'A wall of death' to remember cyclists killed on London's streets was unveiled by campaigners on Wednesday, as they called for politicians to prioritise road safety in the May elections.
Stop Killing Cyclists, a campaign group for safer cycling in the capital, said only three boroughs had implemented segregated cycle lanes, Ealing, Camden and Waltham Forest.
And a Freedom Of Information request by the group found only four - Barking and Dagenham, Barnet, Hounslow and Waltham Forest - plan to introduce the safer lanes next year.
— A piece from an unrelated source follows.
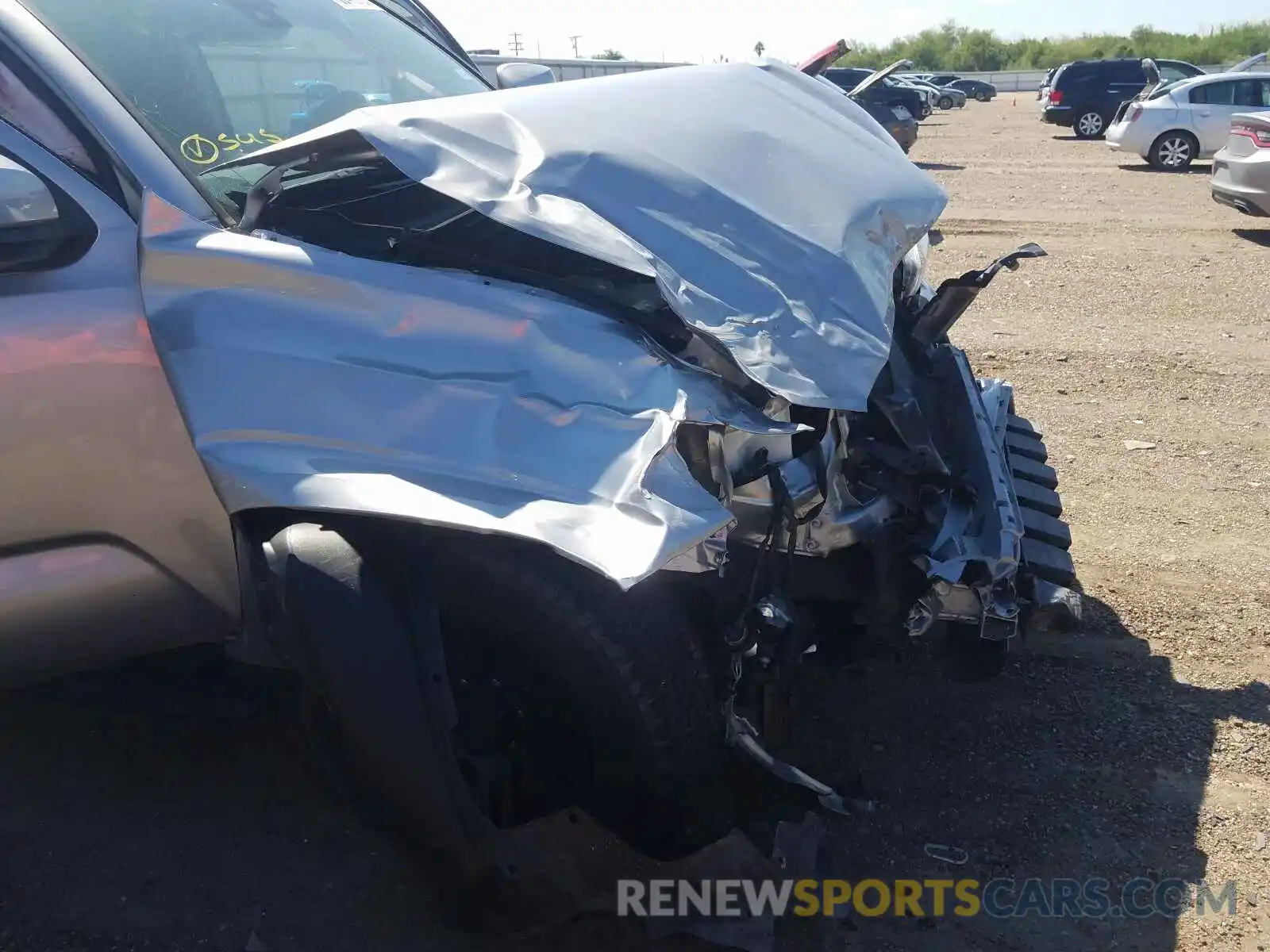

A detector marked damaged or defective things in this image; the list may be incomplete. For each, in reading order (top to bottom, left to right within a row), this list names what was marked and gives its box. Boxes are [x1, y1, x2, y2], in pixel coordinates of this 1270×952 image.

severely damaged hood [139, 61, 940, 587]
severely damaged hood [219, 61, 946, 409]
Less than half of one percent of London’s Boroughs’ roads have segregated cycle lanes installed.
'A wall of death' was built outside Westminster City Hall
More than 50 cyclists have been killed in London since the last elections in 2010.
Will Nickell, the author of a report into Dutch-style segregated lanes for Stop Killing Cyclists said: “This research for the first time exposes the lethal failure by the vast majority of London’s Boroughs to invest in Go-Dutch standard segregated safe-cycle lanes, for London’s kids and cyclists over the last four years”.
Donnachadh McCarthy, co-organiser of Stop Killing Cyclists said: "Every one of the 56 cyclists killed on London's roads over the last four years is a tragedy, but it is also important to note the thousands of other deaths from the failure to provide a safe unpolluted cycling and walking environment.
"Londoners should ask every candidate in May's local and European elections if they will support 10%of their transport budget to be spent on segregated cycle-lanes."